Watching it now, I notice things differently.
It actually isn’t a romance between Deckard and Rachel (Sean Young). She clearly doesn’t want to be with him, she pulls away and tries to leave. He chases her and physically stops her, throwing her against the wall and crowds into her space. There he demands she repeats after him. The fear is clear, she doesn’t want to be with him but she doesn’t want to make him angry and hurt her, so she gives in and says the words and then lets him violate her. This is rape. Even when she says ‘I love you’ she doesn’t mean it. She knows that if she wants to survive she has to please him.
He programs her to respond in a way that makes him happy but removes her free will. He owns her.
Everything is owned. Nature has been destroyed, it is worth a fortune if you own even a little of it. It has become a collector’s item. All throughout the film we see artificial animals and plants, and humans, all made by corporations and without free will. The main question, of course, is what makes us human? By creating, do we raise ourselves to the level of God? What is to stop our creations from surpassing us? That’s why the replicants are made with fatal flaws. To stop them from doing what we have done to them, taking freedoms.

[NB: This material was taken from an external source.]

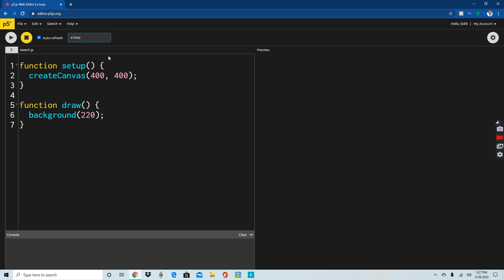One of my friend's companies is called 1000 Dimensions, so it's going to be interesting to make. You can also call this thing spirals — we'll be making loop spirals.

And then there is the idea of what is a product? Are they products because they’re made in factories even though they’re more human than human?
Wow, this is really throwing me. I feel like I could argue about this for ages, mention every metaphor, and write essays.
The styling is rigid, all about appearances. Rachel is moulded into what is expected of her, again no free will.
Dark, dingy, constantly raining as nature tries to wash away humanities sins.
The author died two weeks before the release of the film. Ford apparently hated the role and mumbles his lines in rebellion. The director’s cut has many fundamental changes and asks more questions.
I can keep going. Great film, Roy is my favourite, especially with his profound lines. Forgive your English teachers for forcing you to watch it, they mean well and want you to realise we’re on the path to that future. That is why this is scary.